Lynch let out a scream and pumped his fist as he was leaving the mound. The clutch performance kept the game scoreless.

“That’s a little out of character for me, but I was just in the moment,” Lynch said. “To be able to keep the team in the game there was a really good experience.”

A day earlier, Zack Greinke accomplished the same feat against the Chicago White Sox, and the Royals went on to the victory. Greinke has started 507 games in his 19-year career and has confronted every scenario. Friday marked Lynch’s 33rd start in his two years.

“He’s able to have such a low heartbeat in those situations and really know what to do, and I just try to do the same thing,” Lynch said of Greinke. “Just focus on one pitch at a time, making pitches and not giving up. A good thing to watch the game before.”

The experience will serve Lynch well, Matheny said.

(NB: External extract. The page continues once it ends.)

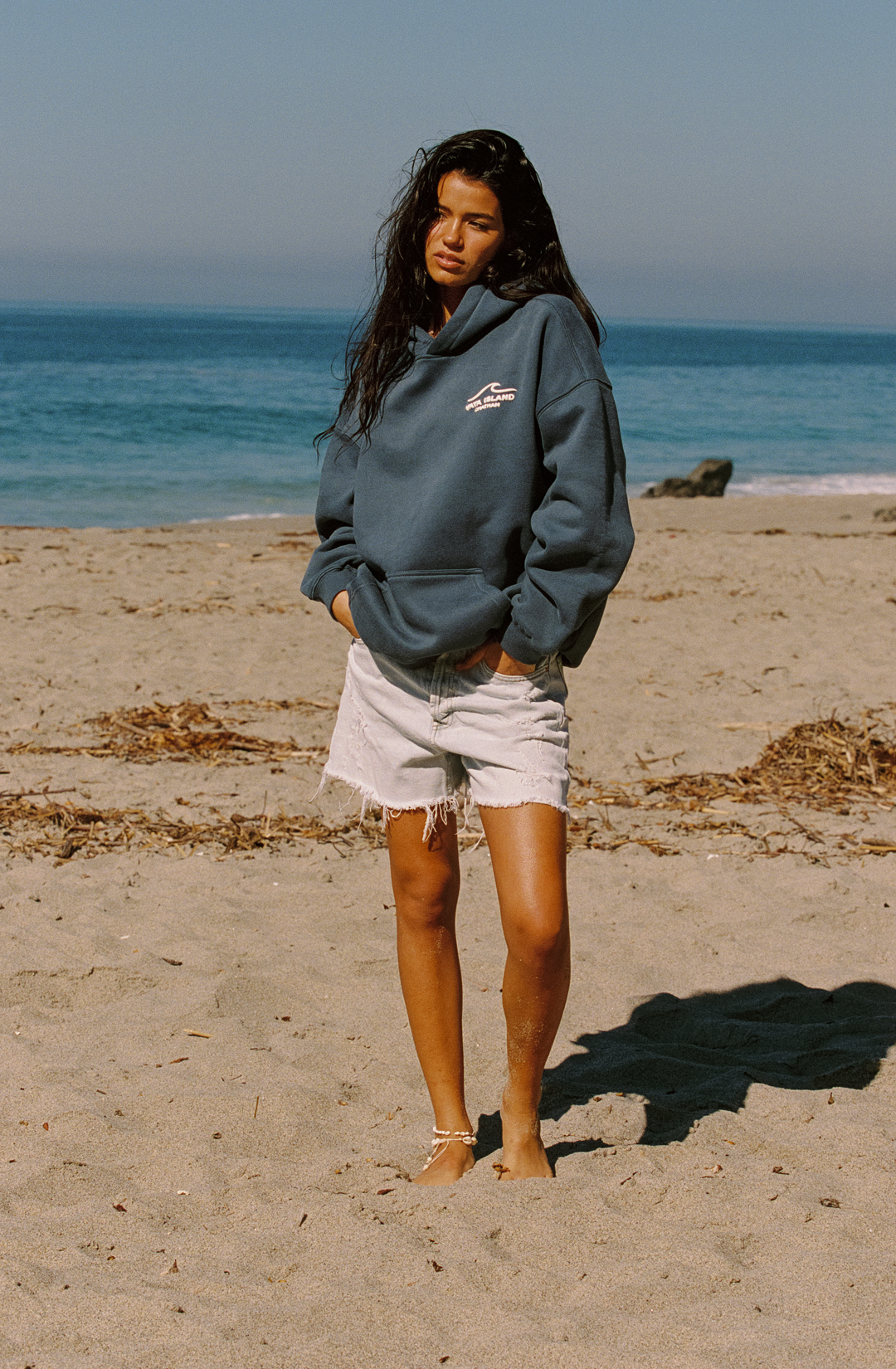 Unisex Wave Hoodie (Grey Blue)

“I believe guys put into their own reservoir and realize later on when they get into those spots, ‘Hey, I can do this because I’ve done it in a big situation,’” Matheny said.

But the Dodgers played the same bases-loaded hand in the seventh and didn’t miss against reliever Josh Staumont.

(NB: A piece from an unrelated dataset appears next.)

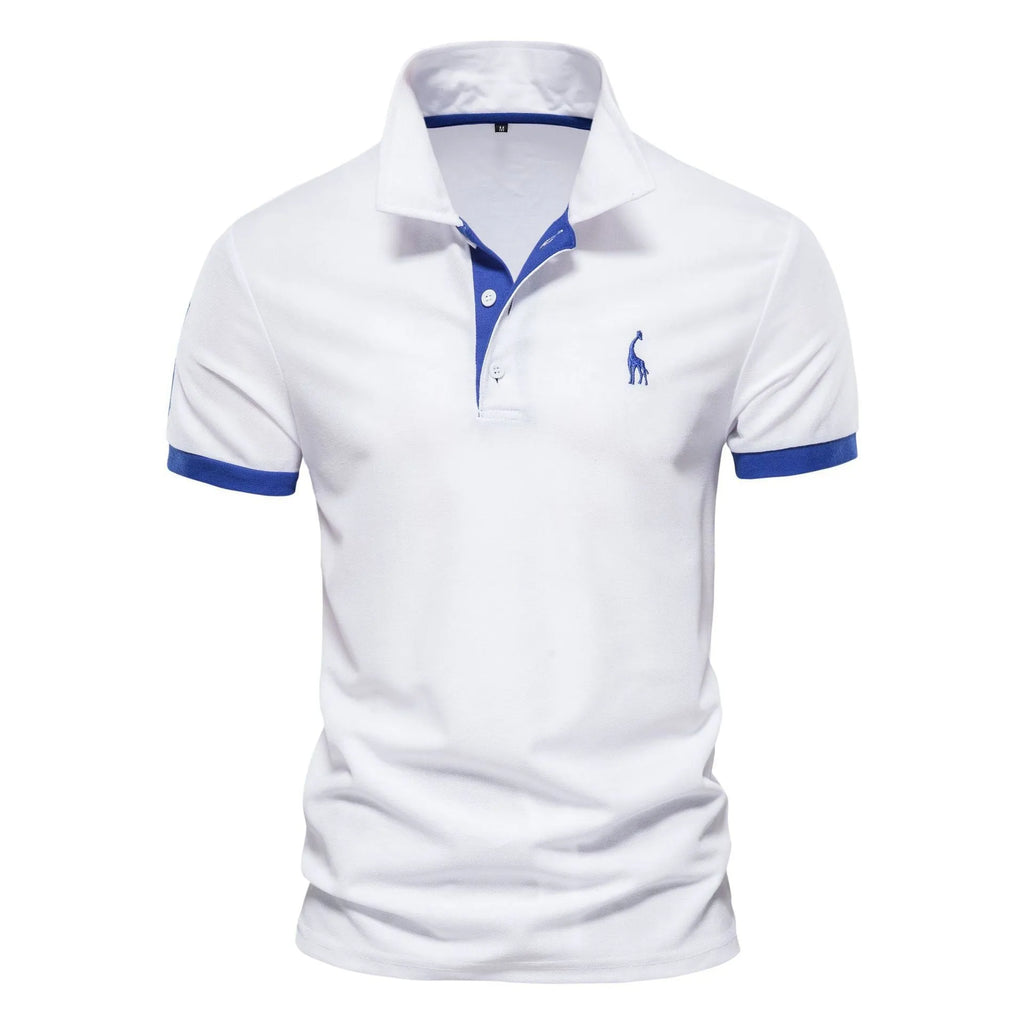 Men's slim fit embroidered deer T-shirt in cotton blend fabric.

Turner singled through the left side to score two, and Freeman followed with a run-scoring double. Staumont’s night was over, but the Dodgers didn’t stop until they had pushed across five.

Trayce Thompson ended any doubt about the outcome with a three-run homer in the eighth.

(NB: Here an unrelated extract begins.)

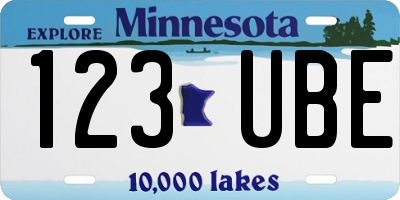 MN license plate 123UBE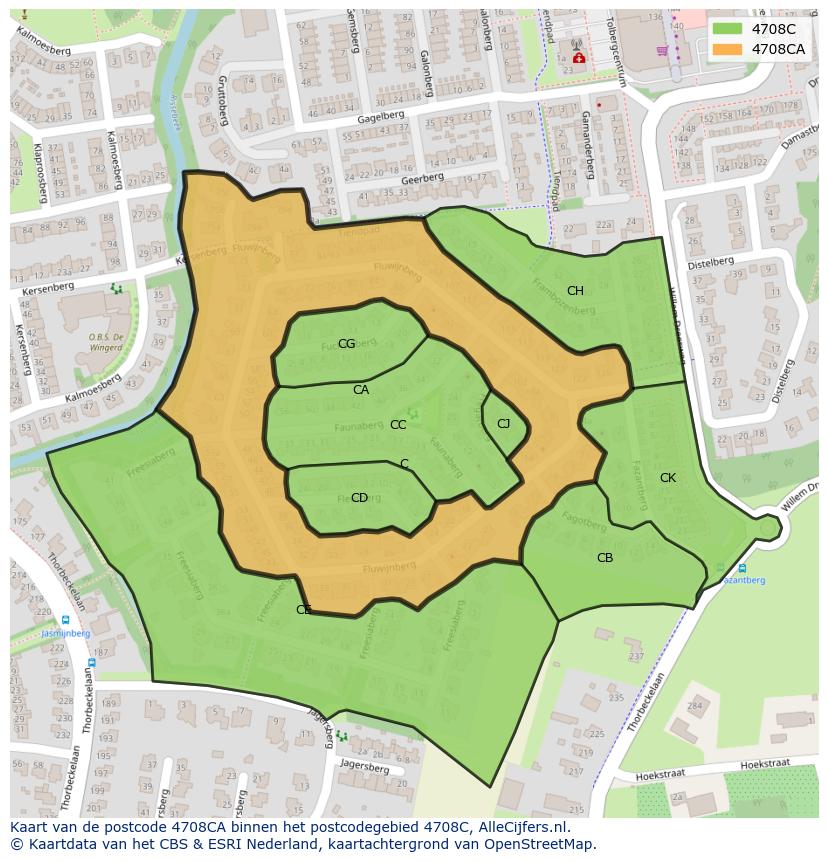 Afbeelding van het postcodegebied 4708 CA op de kaart.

Lynch kept the Dodgers off the board but had scuffled, walking four. Only 60 of his 105 pitches found the strike zone. He hadn’t issued a free pass in his previous two starts. The Royals were fortunate to be in a scoreless game, too, because Dodgers starter Tony Gonsolin was cruising.

The National League All-Star starter didn’t allow a hit until Vinnie Pasquantino’s one-out single in the seventh. Michael A. Taylor’s RBI double prevented the shutout. Gonsolin, who improved to 14-1, set down the first 16 Royals until Kyle Isbel walked in the sixth. He called the effort “pretty solid.”

It was more than that to Matheny.

“Gonsolin had us off-balanced the whole game,” Matheny said. “The split was a devastating pitch. I’d venture to say there are quite a few of our younger players who haven’t seen a split like that, and he executed it. ... He was one step ahead.”

The Royals’ Salvador Perez provided an eighth-inning cheer with his 17th home run of the season, a two-run shot that landed in the second row of seats in left center. The Royals, who entered the game averaging 6.9 runs during this homestand, finished with four hits.